I moved here to teach economics in 1969, part of the group of new faculty hired by the new Boise State College. In those days college teaching jobs were easy to come by nationwide, regardless of degree status, and Idaho salaries were considerably below what could be earned elsewhere. I chose to come here because I wanted to live in the great outdoors of the Mountain West and knowingly accepted a position for about 30 percent less than I could have gotten staying almost anywhere in Ohio or the Midwest. And I have never regretted it.
At the only other serious job interview I considered, the department chairman at Montana told me to look out the window of his office into the mountains, saying “if that view isn’t worth $5,000 to you, then we have little more to talk about.” I believed him then, and now.

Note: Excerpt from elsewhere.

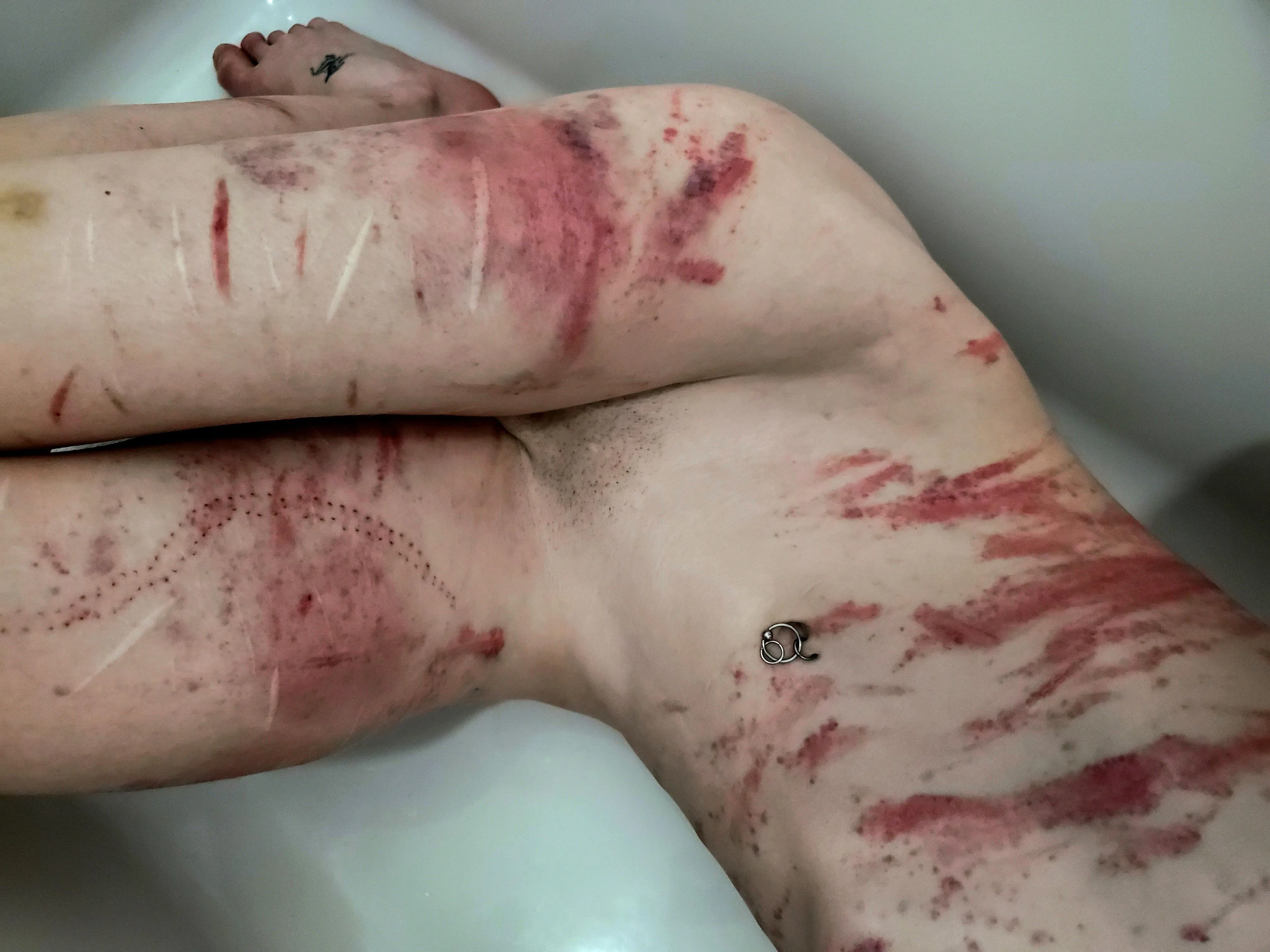 Some marks from a scene last night!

When it was time for my own kids to go to college, I advised only that they not remain in Boise. I certainly had nothing against Boise State, but believed strongly that much of the college experience comes with living in a different environment and being away from parental influence. I would have been perfectly happy had they chosen to stay withinIdaho. Despite certain access to scholarships at the University of Idaho, they chose to look out of state.
They, like many other sensible Idaho high school graduates, didn’t choose their college based only on job prospects and comparative wages. They were aware that Boise and Idaho are still relatively small and very conservative places. They felt they needed to get out and “see the world” a bit. That is not irrational, and the presence of good job opportunities and wages in Idaho would not have mattered. They still have a fondness for Idaho, and it still might be a place to which they return.
Idaho has always attracted a certain kind of person who appreciates the quality of life here despite our relatively low wages. When I was involved in hiring decisions, I insisted that we advertise outside Idaho, knowing that there were well-qualified people willing to relocate to Boise despite our relatively low wages. The standard procedure often was to stay in-house for hires, under the mistaken belief that Idaho salaries were not sufficient to attract outside talent.
There is no denying that Idaho wages are relatively low and Idaho job opportunities are relatively limited. But Idaho has muddled through adequately despite those perceived handicaps. Kyle’s statistics document an ebb and flow of talent both out of and into Idaho, which means we are not merely exporting talent.
I fear that the ability to offer attractive jobs at comparable wages might flood our small market and lead to a decline in our existing quality of life. Those who think we can have our cake and eat it, too, are dreaming.
Bill Eastlake is a former Assistant Professor of Economics, BSU; former Energy Economist, IDWR and former Energy Policy Adviser, IPUC.